Required work> For the records below, tally the lines that include the word "France" and give only the tally.

Given entries>
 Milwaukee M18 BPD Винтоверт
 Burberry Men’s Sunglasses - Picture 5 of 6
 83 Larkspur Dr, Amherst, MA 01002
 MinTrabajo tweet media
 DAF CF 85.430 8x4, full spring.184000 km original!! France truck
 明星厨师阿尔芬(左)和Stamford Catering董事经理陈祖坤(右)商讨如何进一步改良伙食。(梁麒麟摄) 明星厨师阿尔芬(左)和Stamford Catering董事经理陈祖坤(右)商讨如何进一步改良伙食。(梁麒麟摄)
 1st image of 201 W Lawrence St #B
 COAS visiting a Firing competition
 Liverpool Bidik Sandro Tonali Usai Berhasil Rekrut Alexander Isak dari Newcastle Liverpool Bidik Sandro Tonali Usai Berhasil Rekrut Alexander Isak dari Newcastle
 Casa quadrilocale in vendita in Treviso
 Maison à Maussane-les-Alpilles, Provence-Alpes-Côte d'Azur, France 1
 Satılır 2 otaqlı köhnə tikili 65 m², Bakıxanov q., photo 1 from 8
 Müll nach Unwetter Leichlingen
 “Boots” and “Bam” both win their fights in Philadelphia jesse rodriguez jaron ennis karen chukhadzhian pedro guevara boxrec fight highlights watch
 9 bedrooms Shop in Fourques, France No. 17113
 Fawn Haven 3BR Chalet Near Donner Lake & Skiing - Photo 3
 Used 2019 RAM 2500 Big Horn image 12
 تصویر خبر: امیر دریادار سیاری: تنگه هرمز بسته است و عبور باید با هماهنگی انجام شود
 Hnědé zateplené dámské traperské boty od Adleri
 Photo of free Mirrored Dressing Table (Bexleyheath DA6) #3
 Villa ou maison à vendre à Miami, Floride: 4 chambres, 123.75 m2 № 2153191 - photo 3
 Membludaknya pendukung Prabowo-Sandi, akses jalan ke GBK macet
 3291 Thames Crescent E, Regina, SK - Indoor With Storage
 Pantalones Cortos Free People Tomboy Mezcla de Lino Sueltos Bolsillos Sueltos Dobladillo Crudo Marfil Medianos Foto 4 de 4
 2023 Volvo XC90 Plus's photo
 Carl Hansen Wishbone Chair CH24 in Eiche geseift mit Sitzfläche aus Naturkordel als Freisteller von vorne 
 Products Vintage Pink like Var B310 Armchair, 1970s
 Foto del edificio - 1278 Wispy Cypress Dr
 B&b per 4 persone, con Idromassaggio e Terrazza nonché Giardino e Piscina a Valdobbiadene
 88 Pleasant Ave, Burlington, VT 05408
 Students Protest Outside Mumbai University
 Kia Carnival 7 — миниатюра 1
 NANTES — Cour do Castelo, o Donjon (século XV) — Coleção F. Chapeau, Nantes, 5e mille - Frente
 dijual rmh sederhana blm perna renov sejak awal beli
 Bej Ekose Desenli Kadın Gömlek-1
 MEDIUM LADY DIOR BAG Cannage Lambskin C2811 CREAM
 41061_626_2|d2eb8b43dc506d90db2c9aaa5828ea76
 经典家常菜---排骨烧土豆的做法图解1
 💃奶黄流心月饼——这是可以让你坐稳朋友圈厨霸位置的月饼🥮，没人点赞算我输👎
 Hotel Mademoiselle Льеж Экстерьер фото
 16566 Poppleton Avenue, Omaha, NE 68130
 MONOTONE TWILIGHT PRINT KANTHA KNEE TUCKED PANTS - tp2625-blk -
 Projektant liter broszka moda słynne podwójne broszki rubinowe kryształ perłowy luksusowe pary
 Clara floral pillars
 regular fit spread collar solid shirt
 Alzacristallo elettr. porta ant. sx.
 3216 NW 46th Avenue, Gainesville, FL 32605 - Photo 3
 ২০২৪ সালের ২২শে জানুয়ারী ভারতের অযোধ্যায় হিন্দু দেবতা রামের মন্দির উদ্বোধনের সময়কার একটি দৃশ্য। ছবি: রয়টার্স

Response to the task> 3